As I said, we used our panini press (the ever-handy Griddler!) to cook these sandwiches - however, if you don't happen to have one, you can still prepare this. Instead of the press, heat up a skillet with just a little canola oil on the bottom - slip the sandwiches into the skillet, set a plate on top and weigh them down with a couple heavy cans. Turn the sandwiches over after a couple minutes and place the plate and cans on top again so the bread has full contact with the heat to finishing browning.

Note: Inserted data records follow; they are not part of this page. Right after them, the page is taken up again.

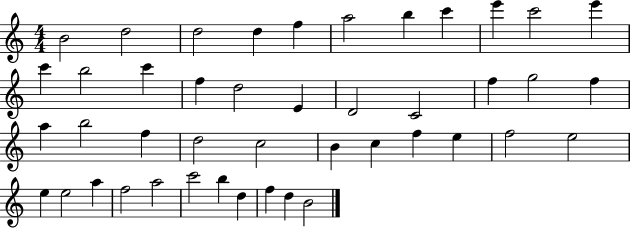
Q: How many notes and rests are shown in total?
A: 44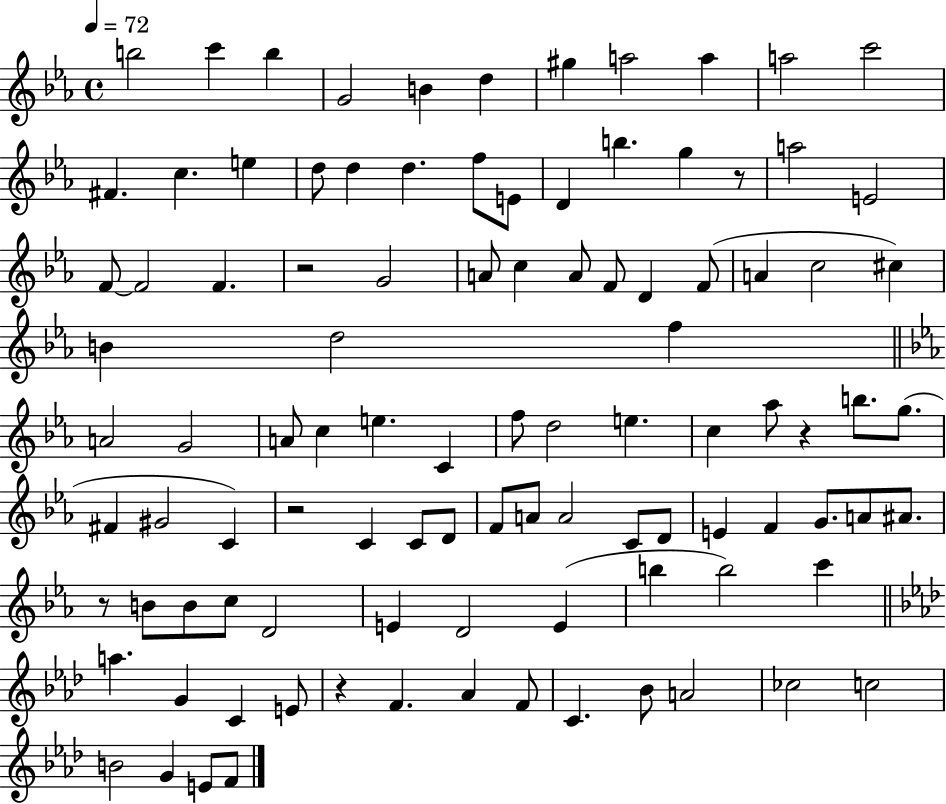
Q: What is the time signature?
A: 4/4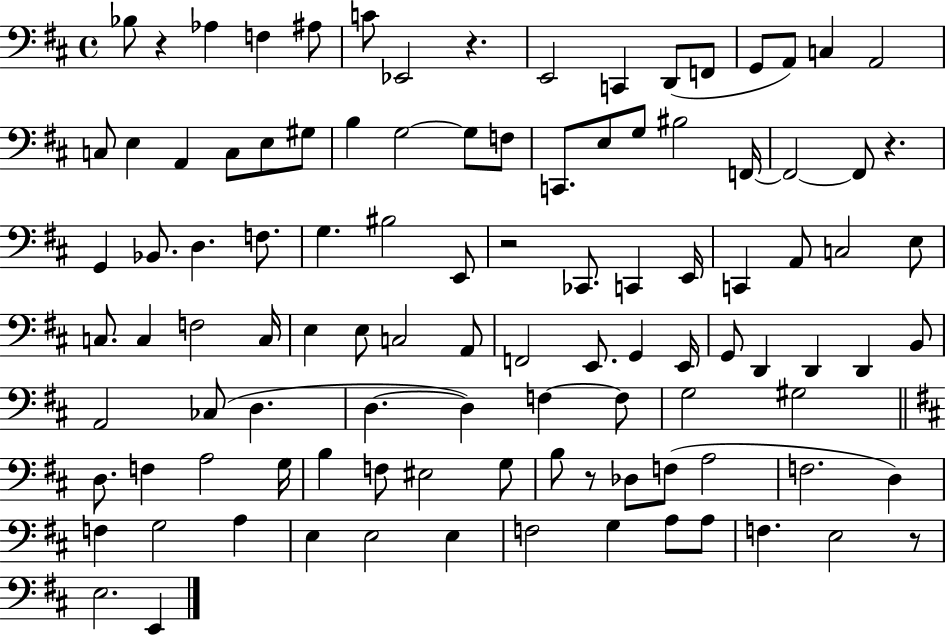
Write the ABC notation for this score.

X:1
T:Untitled
M:4/4
L:1/4
K:D
_B,/2 z _A, F, ^A,/2 C/2 _E,,2 z E,,2 C,, D,,/2 F,,/2 G,,/2 A,,/2 C, A,,2 C,/2 E, A,, C,/2 E,/2 ^G,/2 B, G,2 G,/2 F,/2 C,,/2 E,/2 G,/2 ^B,2 F,,/4 F,,2 F,,/2 z G,, _B,,/2 D, F,/2 G, ^B,2 E,,/2 z2 _C,,/2 C,, E,,/4 C,, A,,/2 C,2 E,/2 C,/2 C, F,2 C,/4 E, E,/2 C,2 A,,/2 F,,2 E,,/2 G,, E,,/4 G,,/2 D,, D,, D,, B,,/2 A,,2 _C,/2 D, D, D, F, F,/2 G,2 ^G,2 D,/2 F, A,2 G,/4 B, F,/2 ^E,2 G,/2 B,/2 z/2 _D,/2 F,/2 A,2 F,2 D, F, G,2 A, E, E,2 E, F,2 G, A,/2 A,/2 F, E,2 z/2 E,2 E,,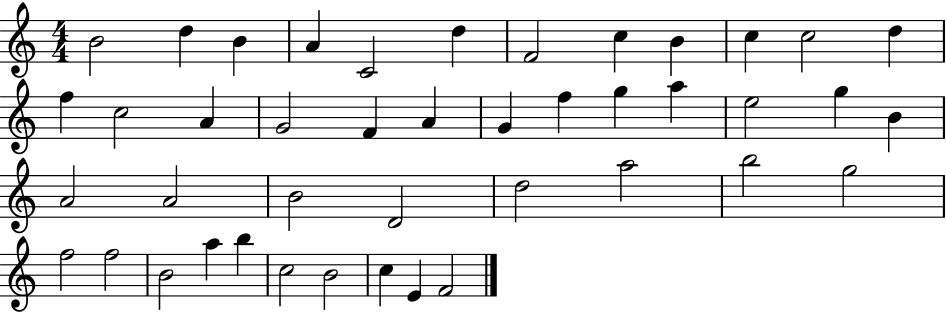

  1. You're spot on with these two recipes! You know I am completely jealous of your griddler, but really have no room to store stuff like that. Instead of your alternate panini method, I'm thinking that the yummy filling would make a great quesadilla.....do vegetable phobes really exist???!!!

  2. Would those bars be mailable? Each year I send cookies and whatnot to my fellow IT workers in other sites across the country, and I'm always looking for good mailable cookies that don't take forever to make (and are also tasty & different)

  3. Quinn - Oh... quesadilla! Great idea.

    Amber - they might be, as long as they are individually wrapped.

  4. So interesting, I had to try this one. The veggie panini was great! I think I'll be adding chopped jalapenos to many sandwiches in the future, panini'd or not!